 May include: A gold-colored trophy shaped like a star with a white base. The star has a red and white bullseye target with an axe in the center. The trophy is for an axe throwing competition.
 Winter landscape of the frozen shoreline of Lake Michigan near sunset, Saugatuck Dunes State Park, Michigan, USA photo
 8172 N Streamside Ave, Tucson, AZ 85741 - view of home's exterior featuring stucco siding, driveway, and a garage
...
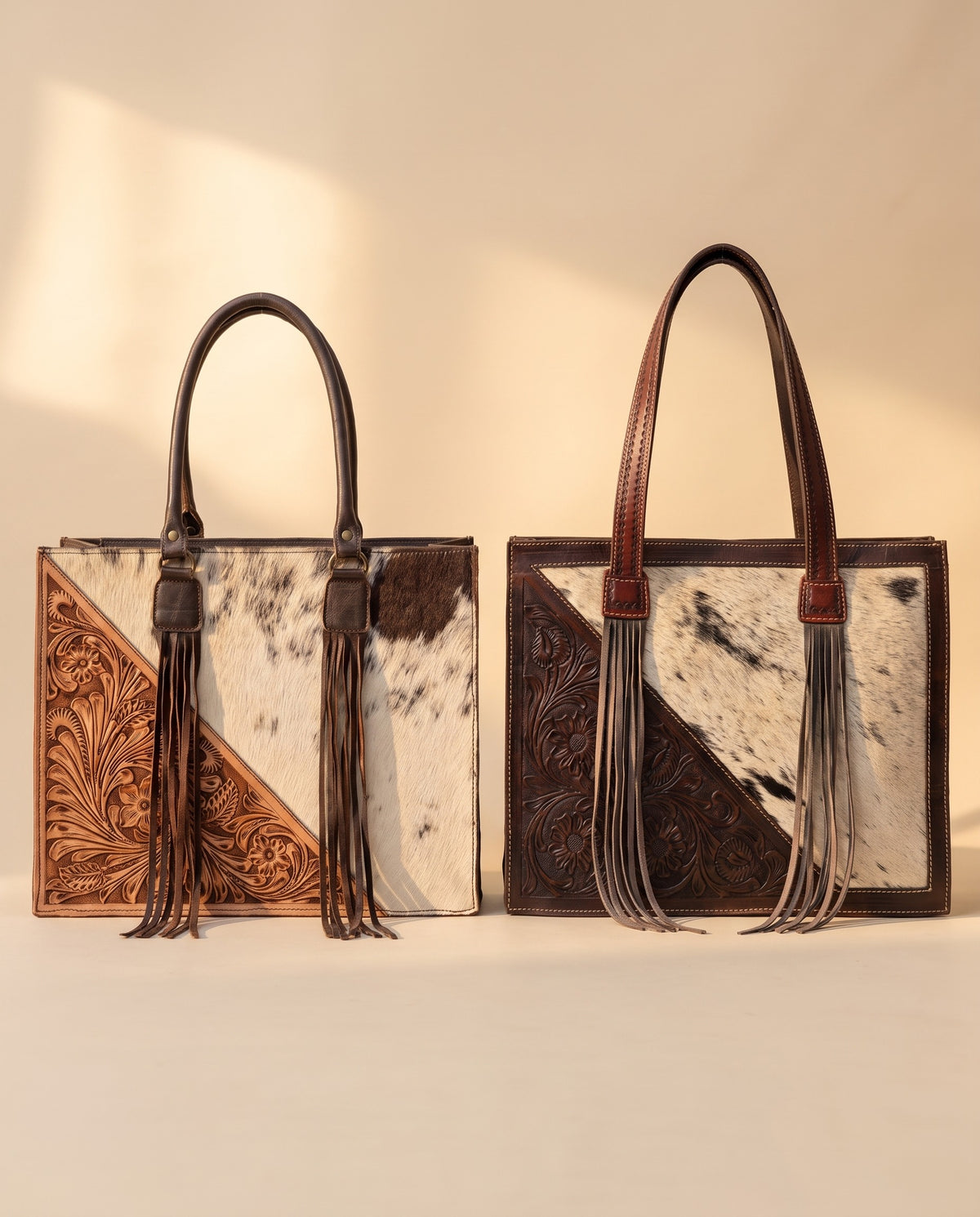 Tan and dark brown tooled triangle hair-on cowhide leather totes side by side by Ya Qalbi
---
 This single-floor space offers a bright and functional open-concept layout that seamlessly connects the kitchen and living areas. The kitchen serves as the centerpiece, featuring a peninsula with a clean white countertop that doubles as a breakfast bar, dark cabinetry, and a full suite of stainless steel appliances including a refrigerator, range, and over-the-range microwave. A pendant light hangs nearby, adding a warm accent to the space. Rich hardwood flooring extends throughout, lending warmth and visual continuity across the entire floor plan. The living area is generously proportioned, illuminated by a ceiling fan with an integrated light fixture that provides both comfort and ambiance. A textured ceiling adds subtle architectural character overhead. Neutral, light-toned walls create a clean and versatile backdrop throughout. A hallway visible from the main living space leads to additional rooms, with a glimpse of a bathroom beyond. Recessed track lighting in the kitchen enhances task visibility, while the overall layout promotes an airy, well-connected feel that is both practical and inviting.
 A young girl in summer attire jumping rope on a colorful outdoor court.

Your goal: A word-for-word copy of the lines above from the one with "Winter landscape of" through the one with "8172 N Streamside", inclusive, is the only output wanted.

Answer box:
 Winter landscape of the frozen shoreline of Lake Michigan near sunset, Saugatuck Dunes State Park, Michigan, USA photo
 8172 N Streamside Ave, Tucson, AZ 85741 - view of home's exterior featuring stucco siding, driveway, and a garage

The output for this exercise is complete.